* _TASK INPUTS_:
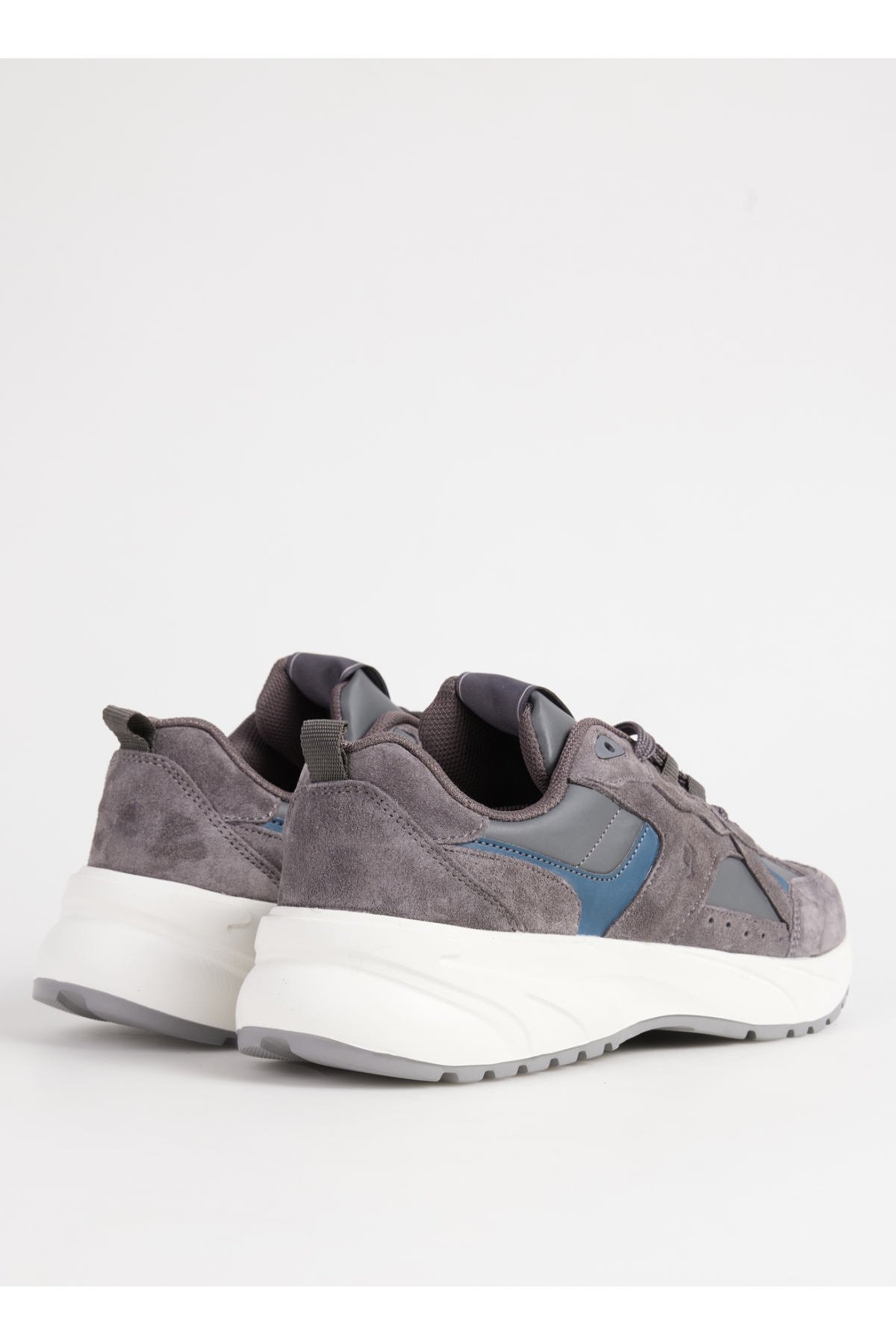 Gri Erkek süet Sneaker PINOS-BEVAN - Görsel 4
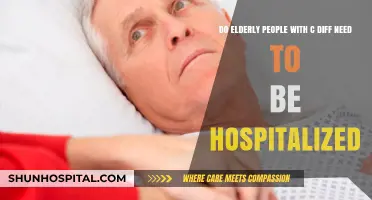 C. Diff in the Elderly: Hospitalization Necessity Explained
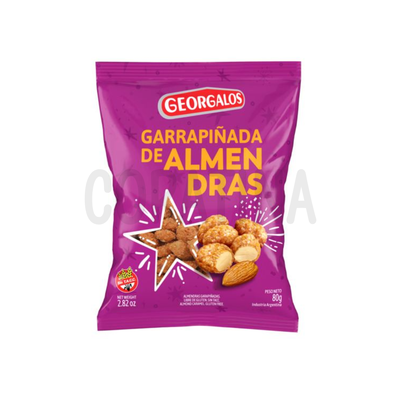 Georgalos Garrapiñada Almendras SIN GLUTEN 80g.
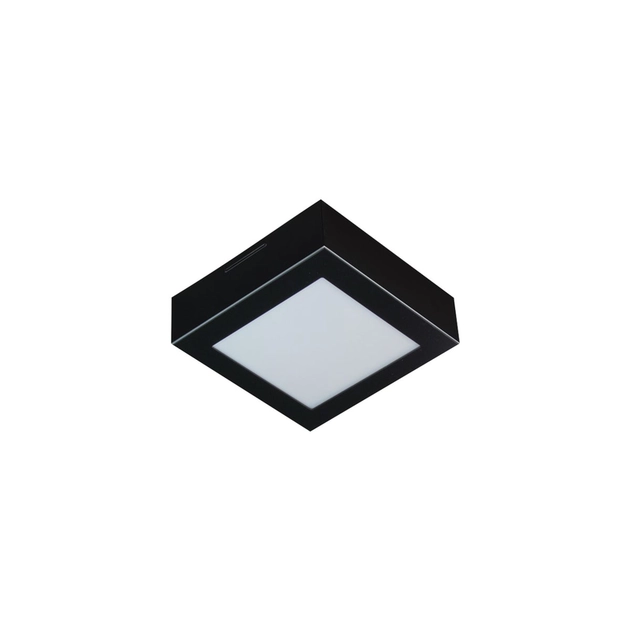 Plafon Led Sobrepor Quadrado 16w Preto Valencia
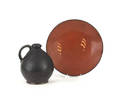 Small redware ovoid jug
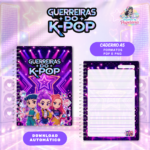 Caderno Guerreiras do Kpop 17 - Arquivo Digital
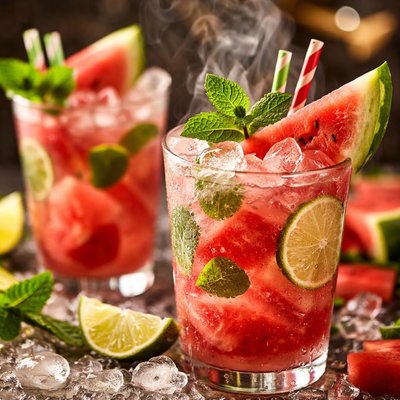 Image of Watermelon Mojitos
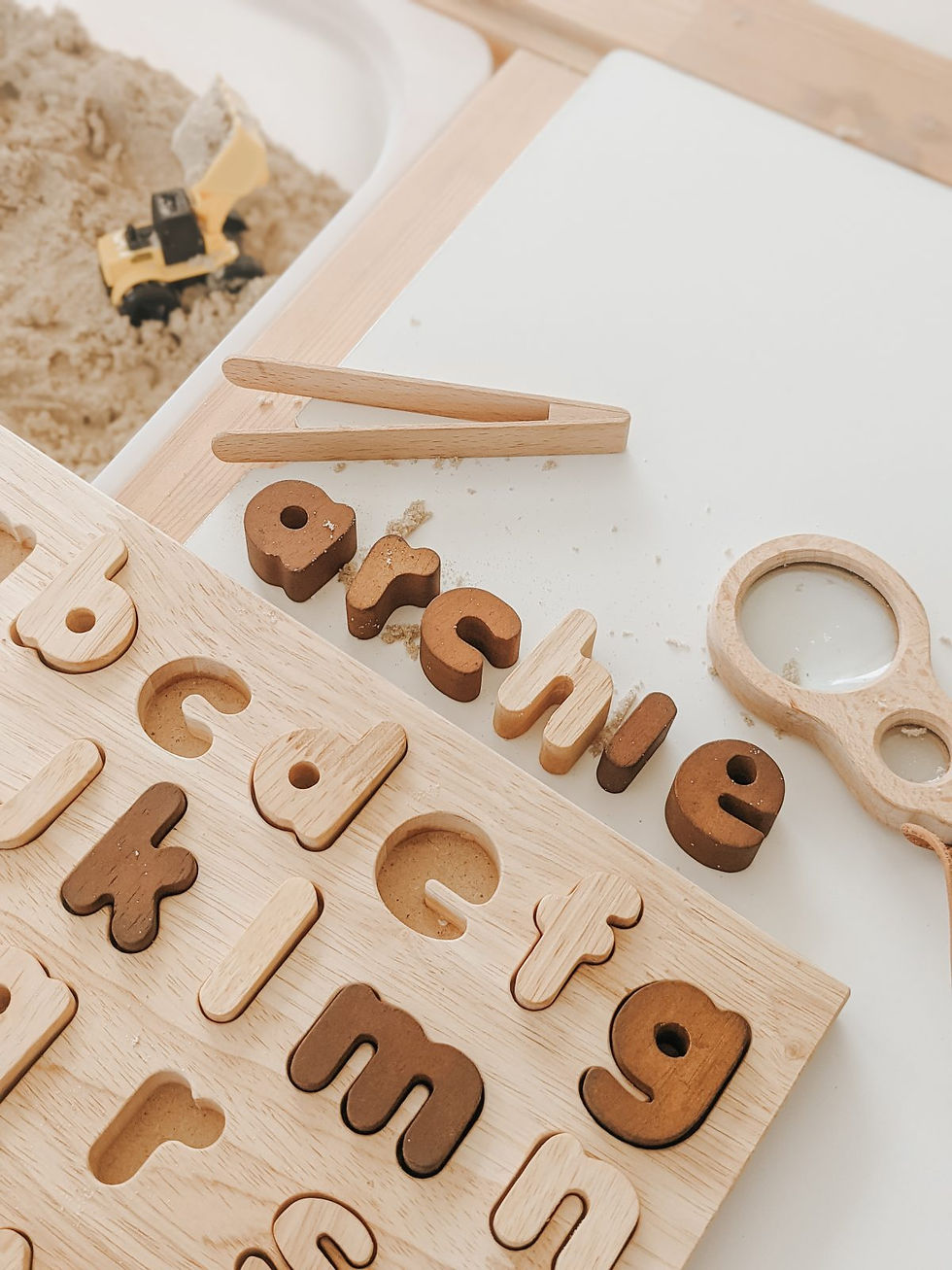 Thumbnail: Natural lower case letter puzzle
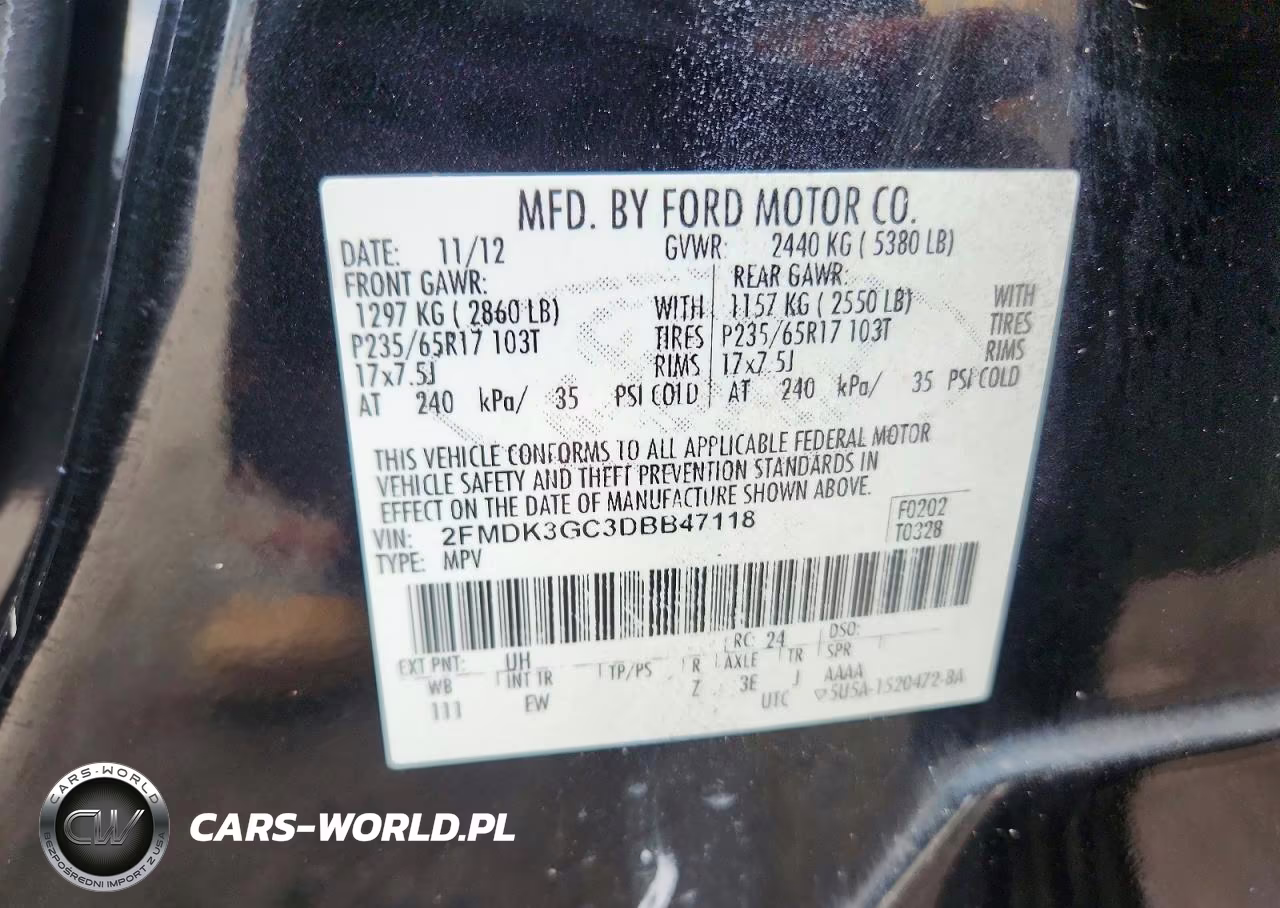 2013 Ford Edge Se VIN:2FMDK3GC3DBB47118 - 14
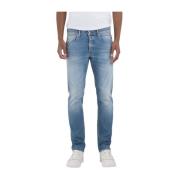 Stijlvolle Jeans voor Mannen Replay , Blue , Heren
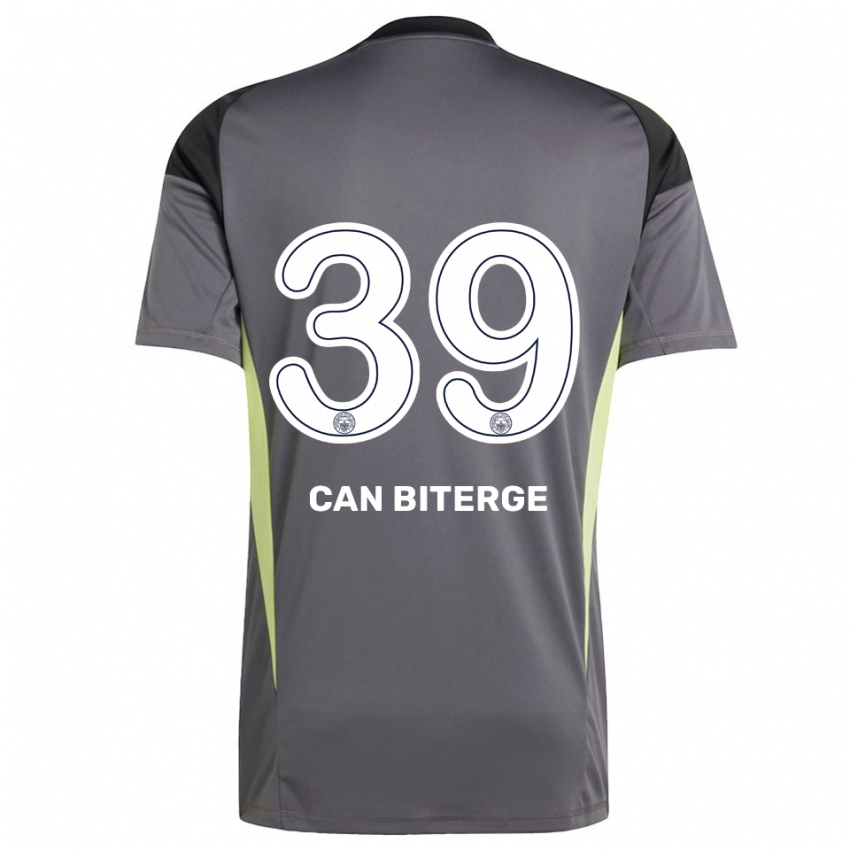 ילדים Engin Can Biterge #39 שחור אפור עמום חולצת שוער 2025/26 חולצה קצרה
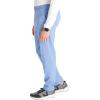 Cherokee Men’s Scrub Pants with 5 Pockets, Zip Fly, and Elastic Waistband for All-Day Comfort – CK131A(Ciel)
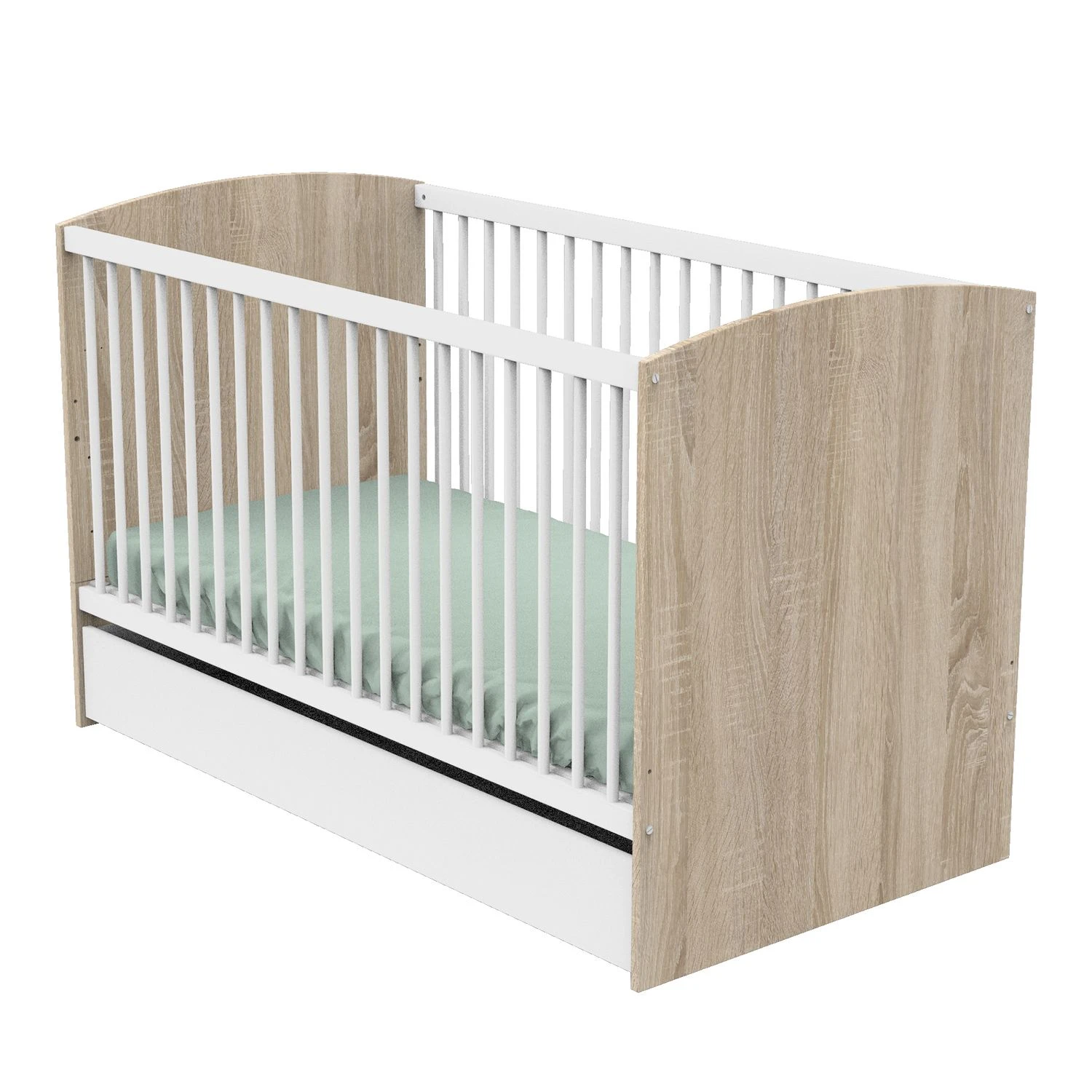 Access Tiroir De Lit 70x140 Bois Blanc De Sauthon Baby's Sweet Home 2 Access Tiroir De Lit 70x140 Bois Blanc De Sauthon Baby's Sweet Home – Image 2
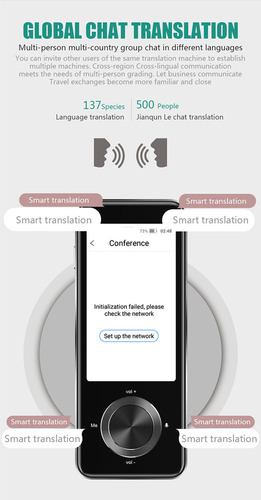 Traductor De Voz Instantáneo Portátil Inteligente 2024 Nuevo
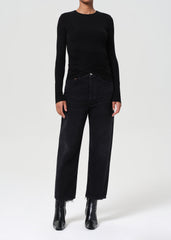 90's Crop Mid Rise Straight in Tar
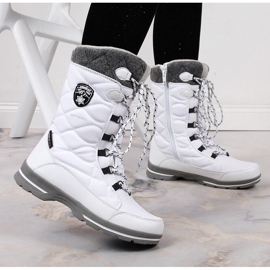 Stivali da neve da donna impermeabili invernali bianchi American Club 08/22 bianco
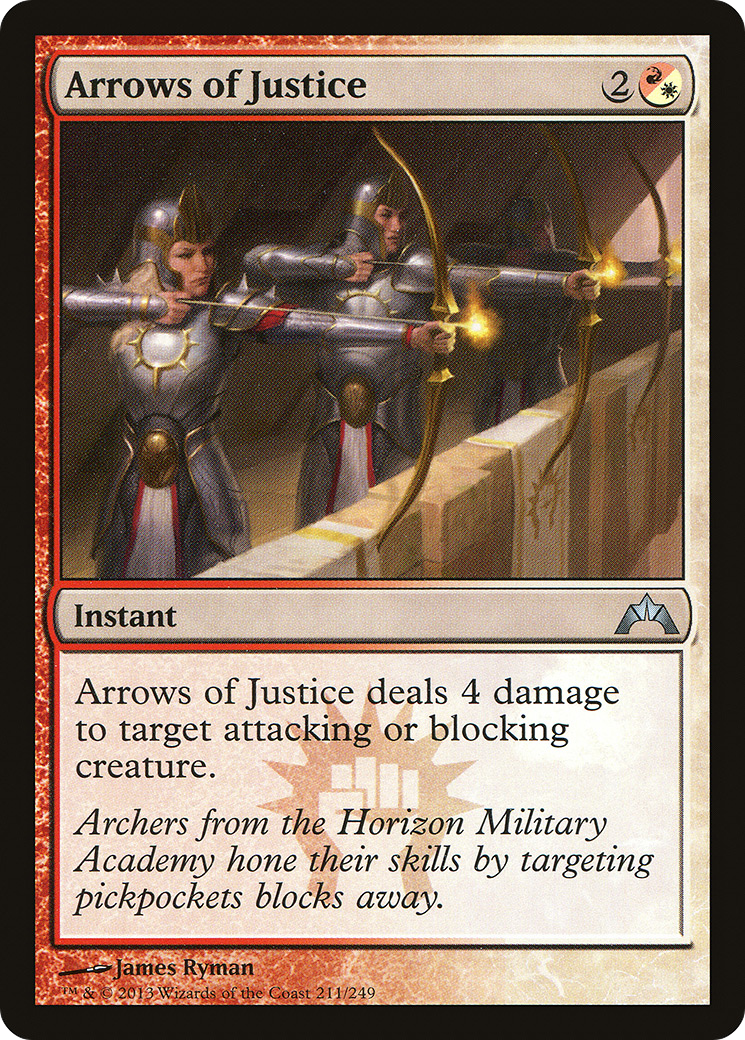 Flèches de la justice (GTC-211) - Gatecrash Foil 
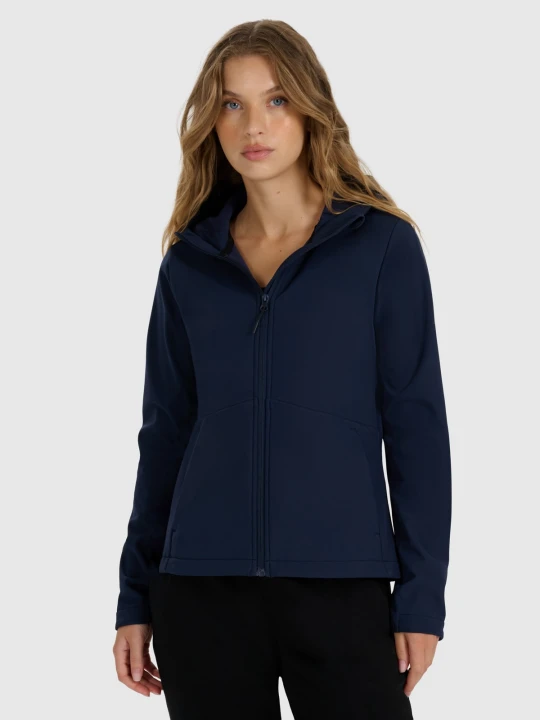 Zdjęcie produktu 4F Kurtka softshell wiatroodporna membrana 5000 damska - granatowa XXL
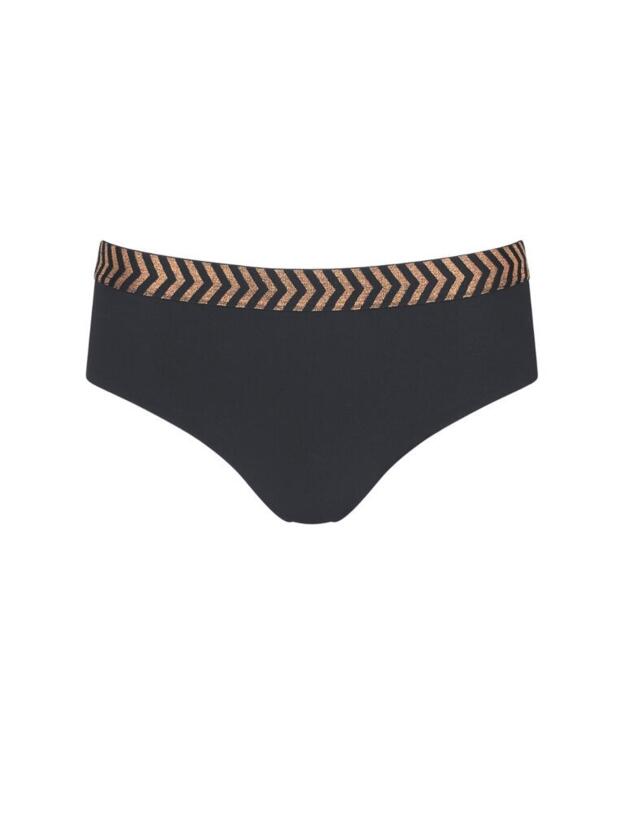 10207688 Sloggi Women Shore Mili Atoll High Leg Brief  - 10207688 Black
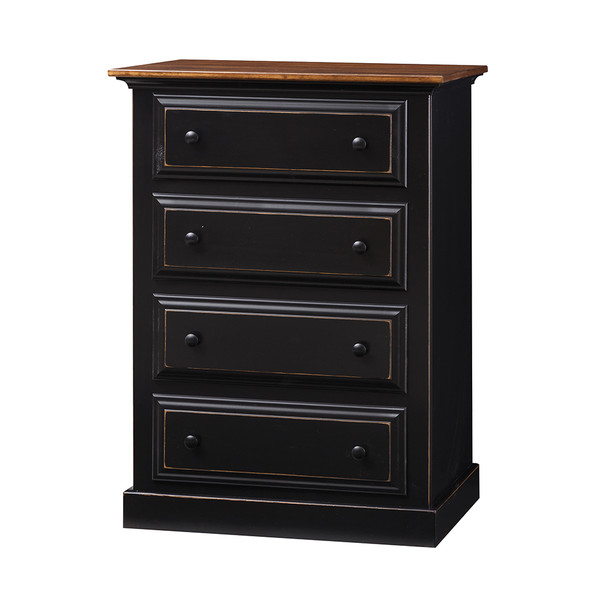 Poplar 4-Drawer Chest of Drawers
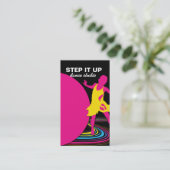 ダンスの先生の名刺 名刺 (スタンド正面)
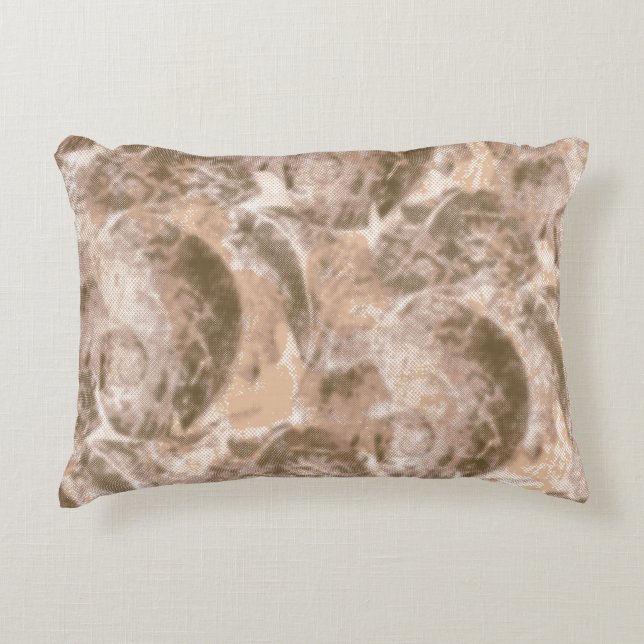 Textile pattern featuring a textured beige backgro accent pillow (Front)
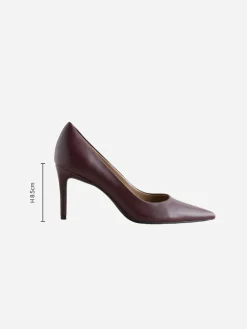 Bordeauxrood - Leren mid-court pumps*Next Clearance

* _TASK DESCRIPTION_:
Starting at the line that contains "Stijlvolle Jeans voor" and ending at the line that contains "90's Crop Mid Rise Straight in Tar", transcribe the material above exactly, excluding pictures.

* _SOLUTION_:
 Stijlvolle Jeans voor Mannen Replay , Blue , Heren
 ילדים Engin Can Biterge #39 שחור אפור עמום חולצת שוער 2025/26 חולצה קצרה
 Cherokee Men’s Scrub Pants with 5 Pockets, Zip Fly, and Elastic Waistband for All-Day Comfort – CK131A(Ciel)
 Access Tiroir De Lit 70x140 Bois Blanc De Sauthon Baby's Sweet Home 2 Access Tiroir De Lit 70x140 Bois Blanc De Sauthon Baby's Sweet Home – Image 2
 Traductor De Voz Instantáneo Portátil Inteligente 2024 Nuevo
 90's Crop Mid Rise Straight in Tar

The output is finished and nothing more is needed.